━━━━━ Given data ━━━━━

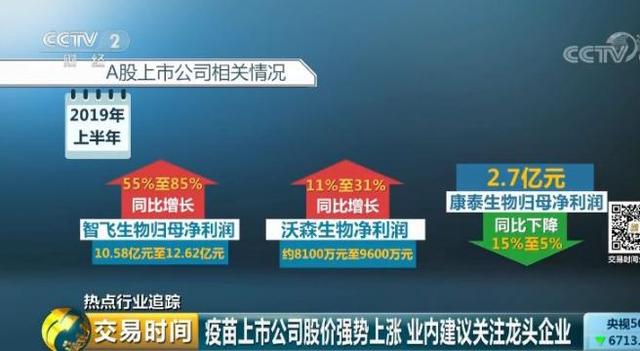 疫苗注射需摇号？有人一年都没摇上！仅1城缺货17.5万支，这些疫苗为啥打不上？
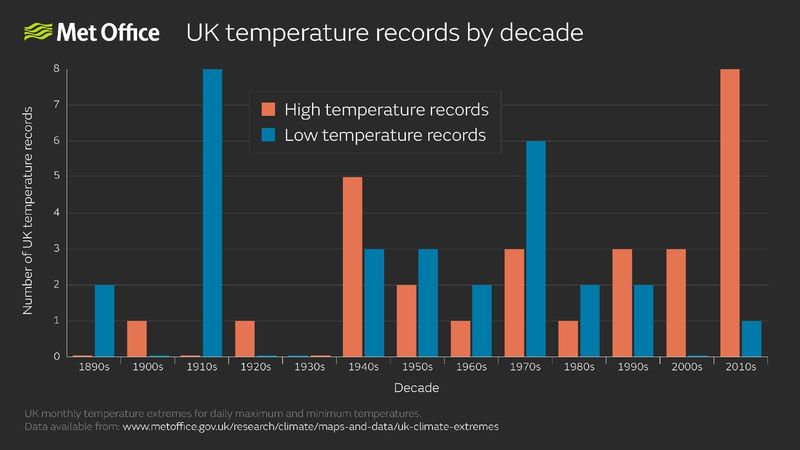 Chart: The Highest Temperatures Ever Recorded in the UK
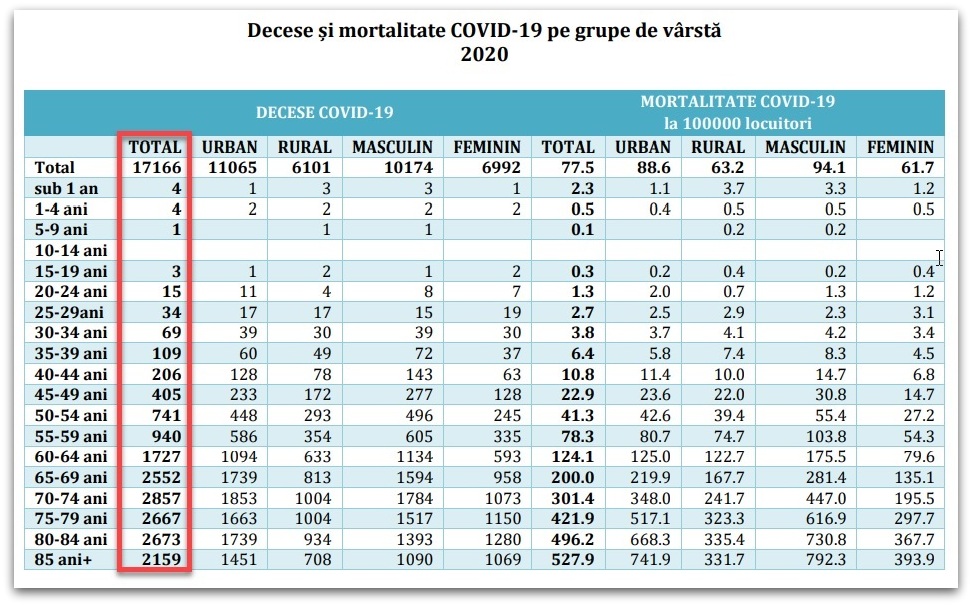 Dr. Geanina Hagimă: DECESELE EXCESIVE: Cifrele aduc adevărul la lumină. Autoritățile nu le văd, însă românii și nu numai ei, se trezesc! | ActiveNews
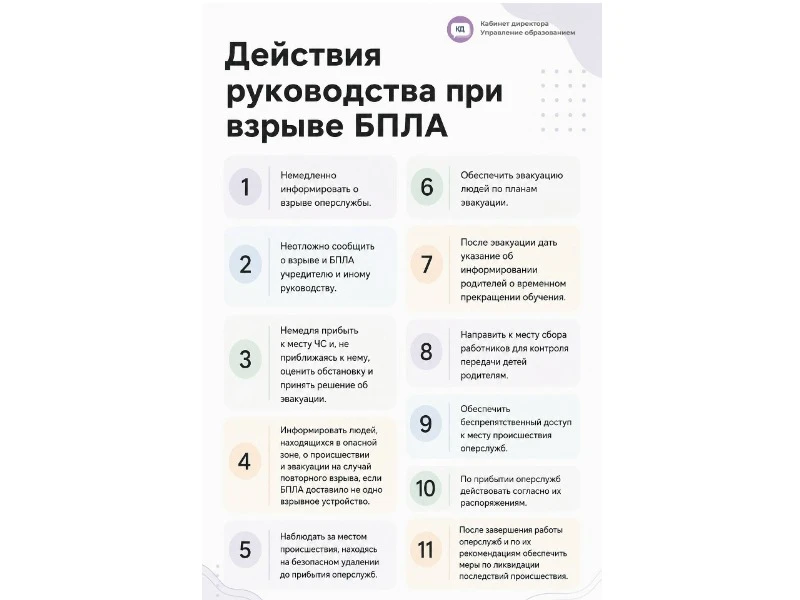 Памятки для руководителей, работников и обучающихся школы❗️
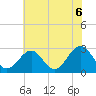 Deep Creek entrance tide chart for Sunday, June 6, 2021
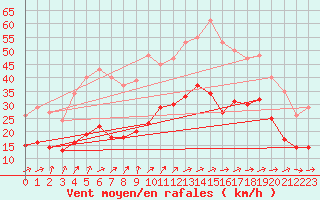 Courbe de la force du vent pour Valleroy (54)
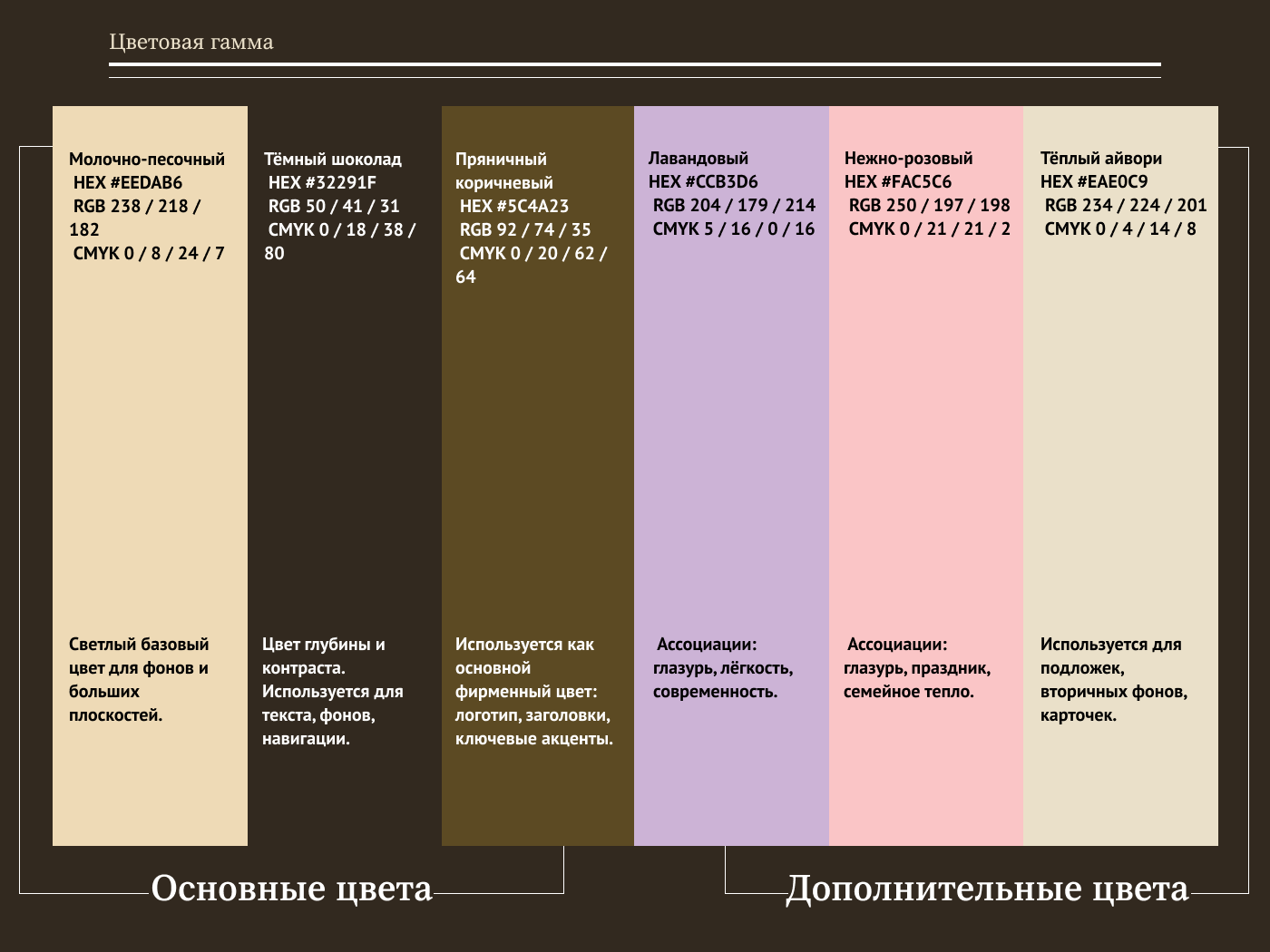 Разработка фирменного стиля фестиваля "Мастерская пряника" — Изображение №6 — Брендинг, Графика на Dprofile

━━━━━

# [What is required]
Nothing but the lines from the one with "Courbe de la" through the last line of the material above should appear in the answer, each copied exactly, with no pictures.

# [Result of this exercise]
 Courbe de la force du vent pour Valleroy (54)
 Разработка фирменного стиля фестиваля "Мастерская пряника" — Изображение №6 — Брендинг, Графика на Dprofile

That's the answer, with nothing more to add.